Prenons l'exemple de la maladie, qui est toujours une anomalie par rapport à une norme de l'espèce. Mais du point de vue de la norme du vivant, cela dépend des maladies. Si l'organisme parvient à s'adapter, et à créer de nouvelles normes de fonctionnement qui lui permettent de vivre, même si c'est de manière diminuée, il crée une nouvelle norme du vivant (puisque la norme du vivant n'est rien d'autre que ce qui permet la conservation de la vie). Il y a une re-hiérarchisation des fonctions dans la maladie, une ré-organisation de l'organisme autour de l’élément malade, la partie bouleverse le tout, et le tout est forcé de se réinventer pour continuer à vivre avec la maladie de la partie. Canguilhem a écrit des choses très intéressantes là-dessus, dans Le Normal et le Pathologique. Mais précisément, Merleau-Ponty, qui lui répond d'une certaine manière, montre que cette invention de normes reste au niveau de l'individu, et ne permet pas la constitution d'un nouveau partage du monde (donc ne peut constituer une norme pour l'espèce). Pour développer brièvement, dans la vie quotidienne, nous ne sommes que très rarement rapportés à notre corps, le corps fonctionne un peu comme l'outil de Heidegger, qui ne se phénoménalise que lorsqu'il perd son usage, que lorsqu'un dysfonctionnement survient. C'est pourquoi Bichat définit la santé comme « le silence des organes ». Mais la maladie, en tant que le corps est le lieu de notre être au monde, nous rapporte d'une toute autre manière au monde, puisque le corps soudain se phénoménalise, on n'est jamais autant conscient de notre condition corporelle que lorsqu'on est malade, soudain le corps devient pesant, encombrant, "de trop". Cependant, ce nouveau rapport au monde, qui est celui du malade, reste individuel, ne permet pas un partage de ce monde avec l'homme sain (alors que le monde de l'homme sain, est habitable par l'homme malade).

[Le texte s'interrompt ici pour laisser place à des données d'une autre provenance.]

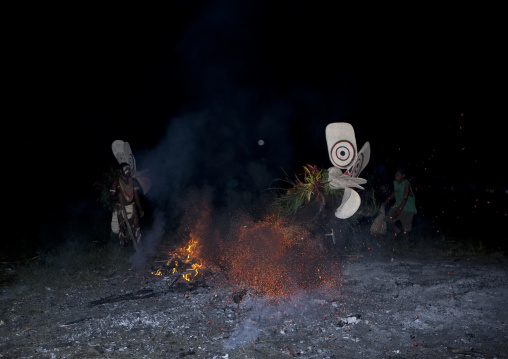 Dancer with a giant mask during a Baining tribe fire dance, East New Britain Province, Rabaul, Papua New Guinea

En ceci que précisément, l'oubli du corps est la condition d'une certaine efficacité de notre action dans le monde (cf. la grâce de la danseuse, ou encore la dextérité du pianiste), la question du partage du monde, est comme le retour entêté de la question de la norme. C'est en cela que l'on peut parler d'anomalie, selon le point de vue auquel on se rapporte, point de vue de l'espèce humaine / point de vue du vivant.